ミドル級勢力図が明確になる2017年 日本期待の村田、世界挑戦も間近か!?
ゴロフキン対カネロは9月に計画!?
カネロ(写真)とゴロフキンの頂上決戦は9月頃になるか!? 【写真:USA TODAY Sports/アフロ】
現在のボクシング界で最大のカードが、ゴロフキンと2階級制覇王者サウル・“カネロ”・アルバレス(メキシコ)の対決であることは間違いない。
世界ボクシング界の最新センセーションとなったゴロフキンと、母国メキシコを中心に絶大な人気を誇るカネロ。タイプの違う魅力を持つこの2人が対決すれば、PPV売り上げも100万件を軽く突破することは間違いない。

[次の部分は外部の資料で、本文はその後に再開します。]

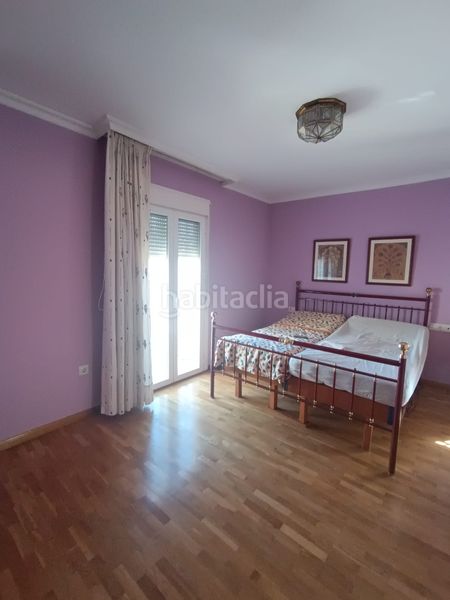 Foto 52cc24fe-dd14-4bbd-813e-d578ef1e3da3. Casa amb xemeneia aparcament a Roquetas pueblo Roquetas de Mar
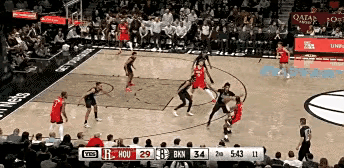 火箭客场击败篮网取得胜利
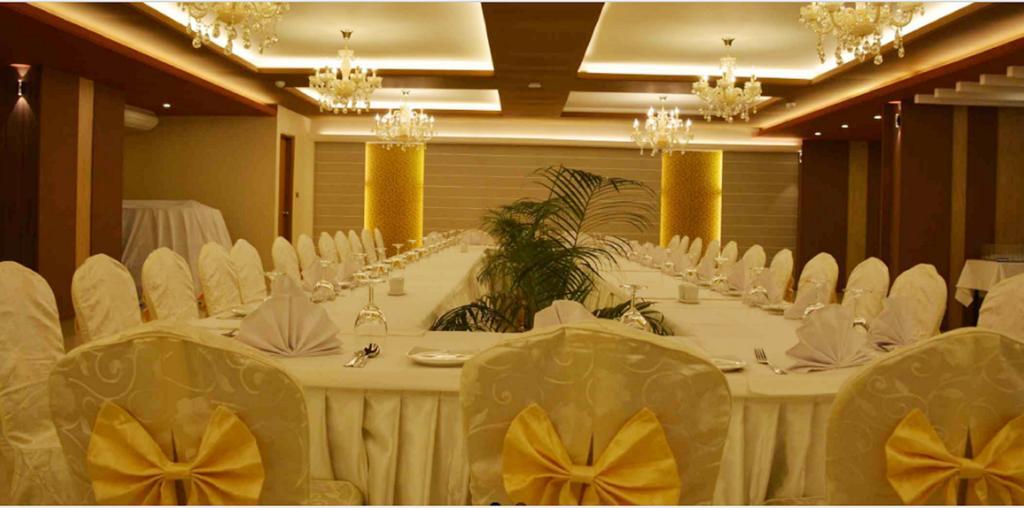 Asia Hotel & Resorts Дака Екстериор снимка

プランとしては、ゴロフキンは3月にジェイコブス、カネロは5月6日にフリオ・セサール・チャベス(メキシコ)かWBO王者ビリー・ジョー・サンダース(イギリス)と対戦する。両雄がここも勝ち抜けば、9月17日にラスベガスかテキサスで直接対決というシナリオが計画されている。
「ゲンナディとアベルは3月のジェイコブス戦に100%集中し、先まで見据えるのは私の仕事になる。ゲンナディが次の試合に勝たなければ、その先のことなんて無意味になる。だからみんなジェイコブスに集中しているし、彼のことを難敵として考えているよ」
ローフラーはそう語り、ジェイコブスに敬意を払う一方で、その後のプランもすでに進行中であることを暗に認めていた。
昨夏、カネロはゴロフキンとの指名戦を行わないまま保持していたミドル級タイトルを返上し、“最強王者から逃げている”と痛烈な批判を浴びた。しかし、すでに34歳になった通称GGGとの対戦は、先に伸ばすほどカネロに勝利のチャンスが生まれ、同時に少しでも引っ張った方がビジネス的にも両者に旨みが出るのは紛れもない事実なのである。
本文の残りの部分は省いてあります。